Determination of the prime ideals lying over an odd prime in a quadratic order

Question

We need some notation before we state the problem. Let $K$ be a quadratic number field, $d$ its discriminant. Let $R$ be an order of $K$, i.e. a subring of $K$ which is a free $\mathbb{Z}$-module of rank $2$. Let $D$ its discriminant. Let $x_1,\cdots, x_n$ be a sequence of elements of $R$. We denote by $[x_1,\cdots,x_n]$ the $\mathbb{Z}$-submodule of $R$ generated by $x_1,\cdots, x_n$. By this question, $R = [1, \omega]$, where $\omega = \frac{(D + \sqrt D)}{2}$. Let $\sigma$ be the unique non-identity automorphism of $K/\mathbb{Q}$. We denote $\sigma(\alpha)$ by $\alpha'$ for $\alpha \in R$. We denote $\sigma(I)$ by $I'$ for an ideal $I$ of $R$. Let $f$ be the order of $\mathcal{O}_K/R$ as a $\mathbb{Z}$-module.

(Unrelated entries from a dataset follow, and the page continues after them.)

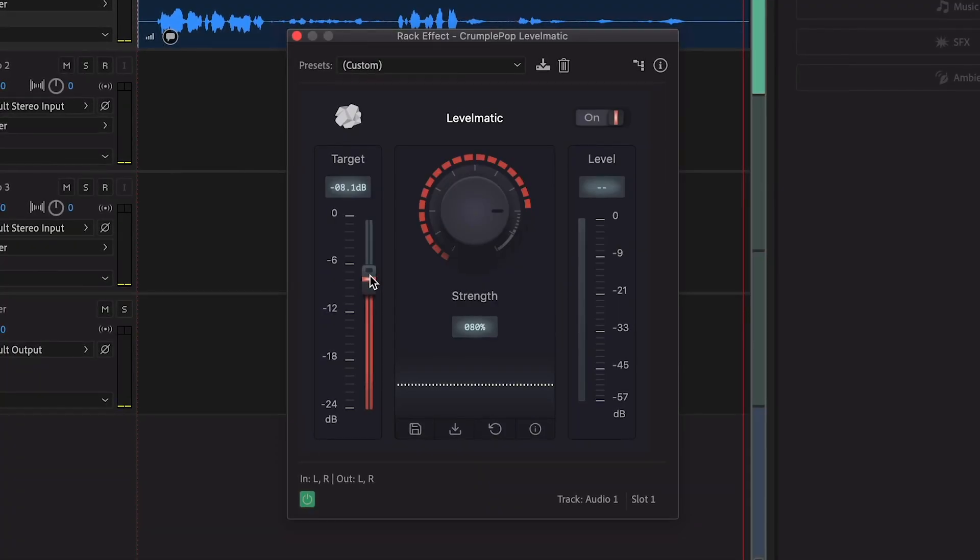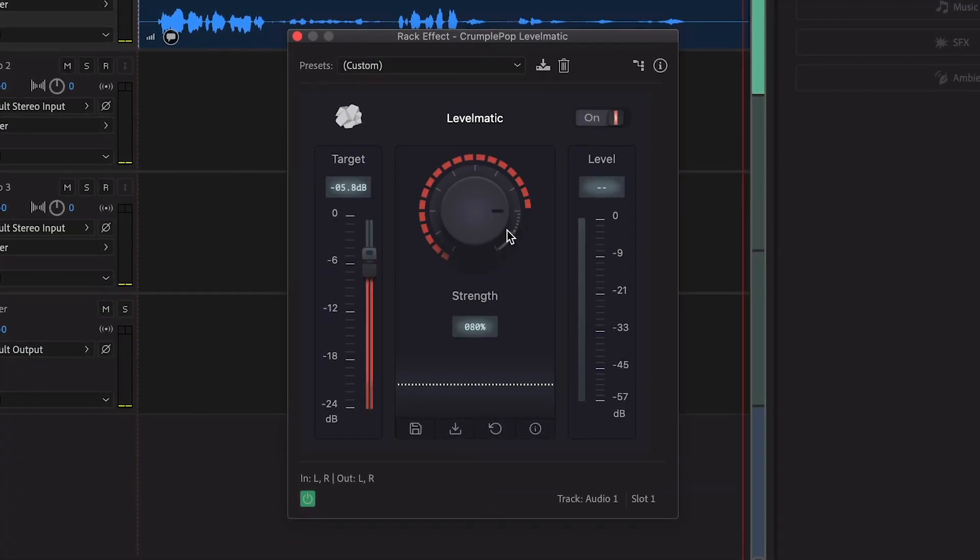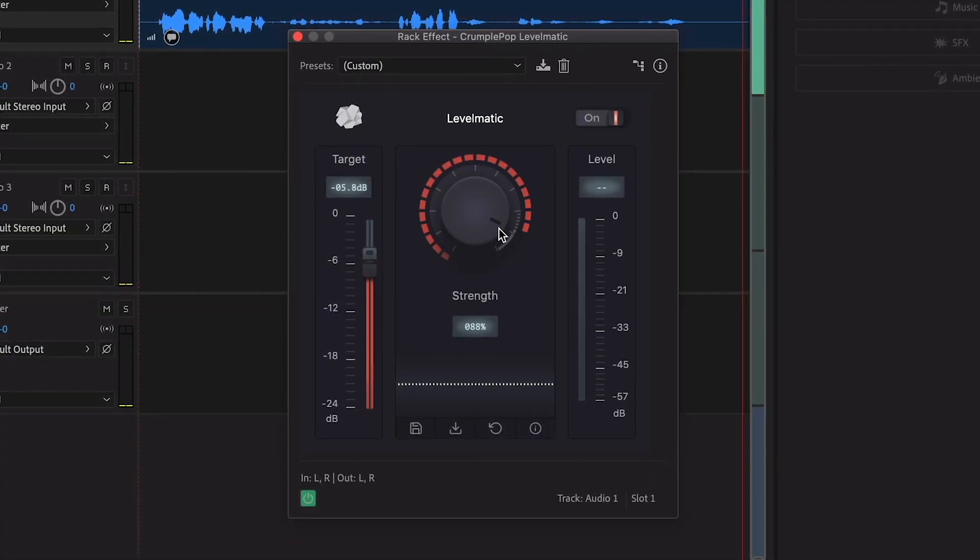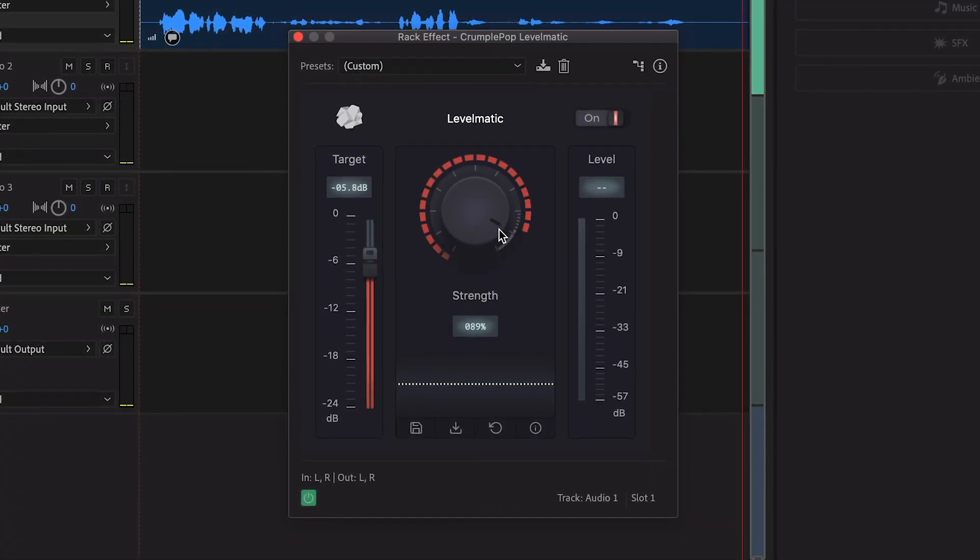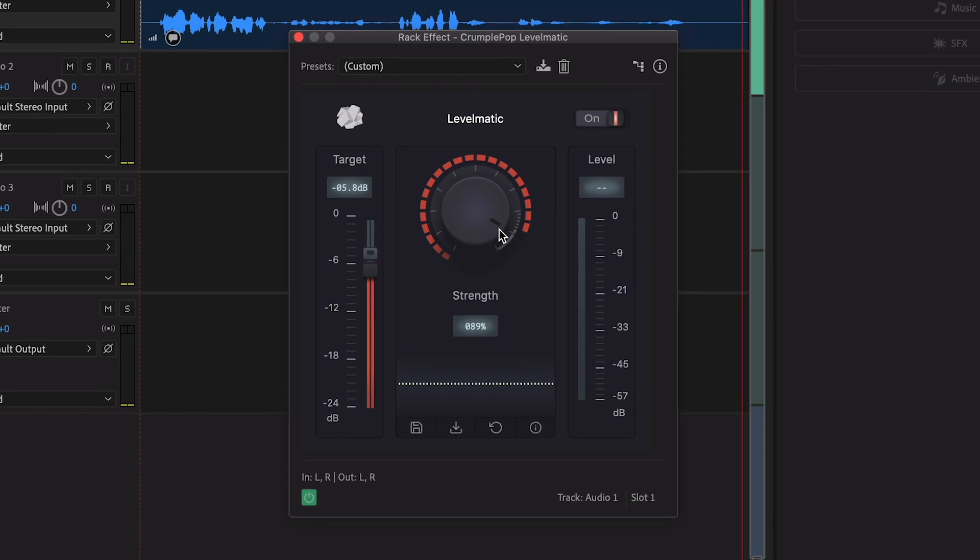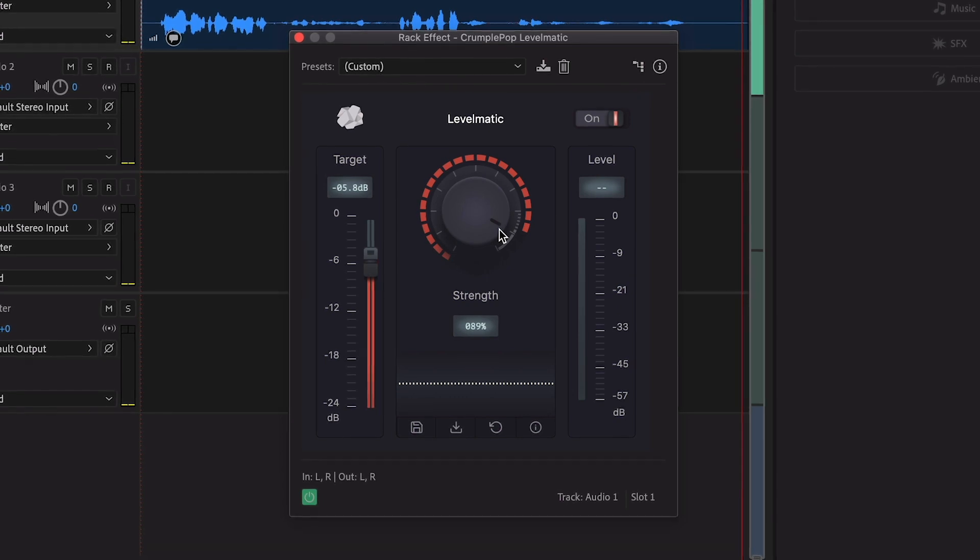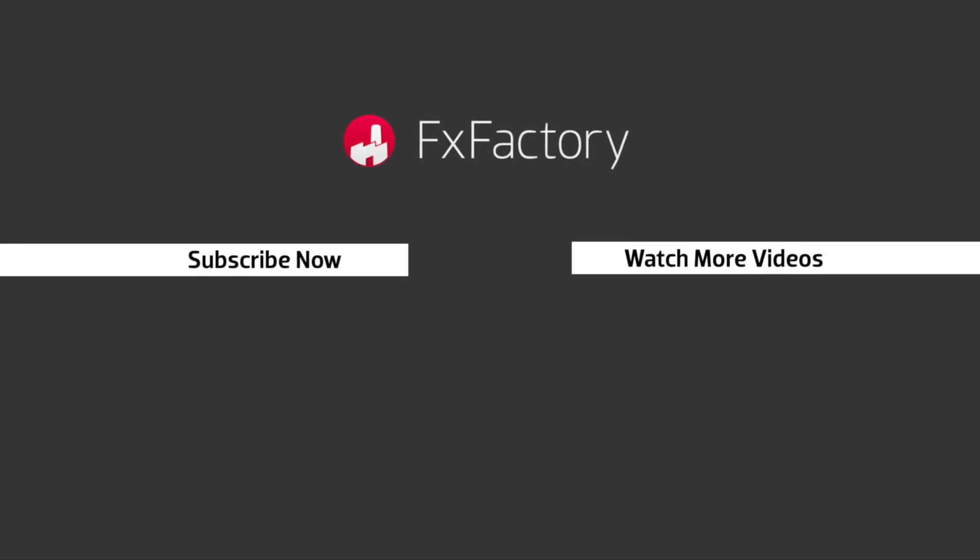Crumplepop Levelmatic is a powerful plug-in that is a must-have for any video editor. FX Factory offers a huge selection of great effects. And if you don't have them yet, I suggest you go try them out at fxfactory.com. Subscribe to this channel for more great videos every week.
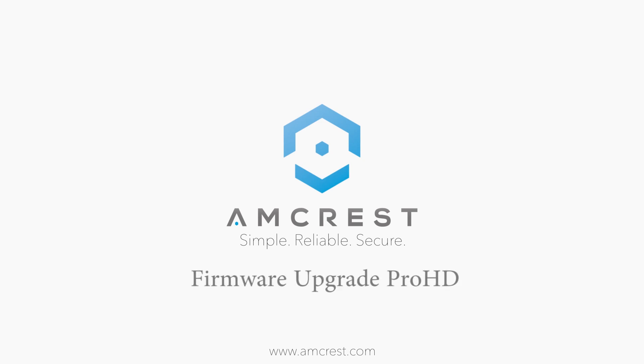Hey guys, this is Basel. Here is a short video to show you how to update the firmware on your Pro HD Wi-Fi camera.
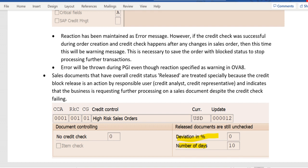Starting where we left off in the previous video: suppose the reaction has been maintained as an error message, however the very first time credit check happened and the order was successful — it has been updated as approved. After that, if any other changes happen the same day in the order, like a credit value has been changed, then the system will issue a warning message instead of an error message. It is required to block the order from further processing and save the order. During PGI time, an error message will be thrown whenever a credit check failure happens based on OV8 config.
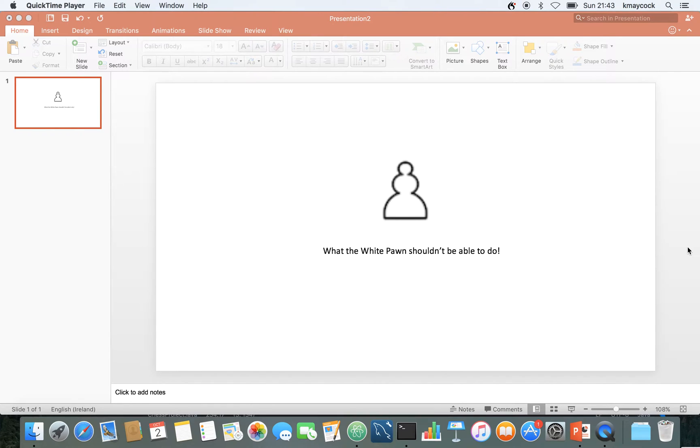Okay, so here's a little video that I wanted to put up and the title is what the white pawn shouldn't be able to do.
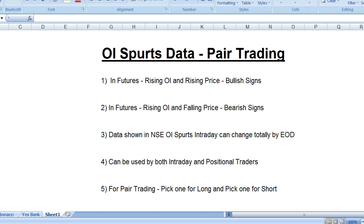When intraday traders exit, the OI changes, so the end-of-day report can differ drastically from what you saw intraday. An intraday trader can look at the report throughout the day. An EOD trader can look at it around 4–5 o'clock in the evening to prepare a set of stocks to trade early the next morning, since those stocks may only appear in the list after market close.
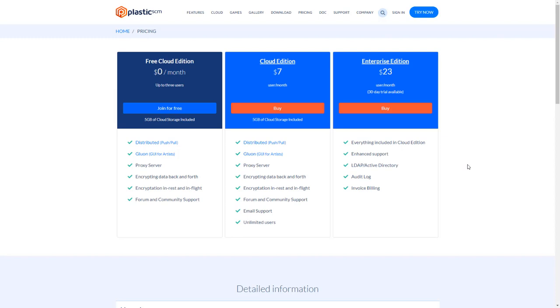We only charge for active users. It means if the users of your cloud organization don't access Plastic Cloud during one month, you don't have to pay for them.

Then $D = f^2d$ (see this question). Let $p$ be a prime number such that gcd$(p, f) = 1$. Then $pR$ is regular by this question. Hence $pR$ is uniquely decomposed as a product of regular prime ideals by this question. So it is natural to ask how it is decomposed. I came up with the following proposition.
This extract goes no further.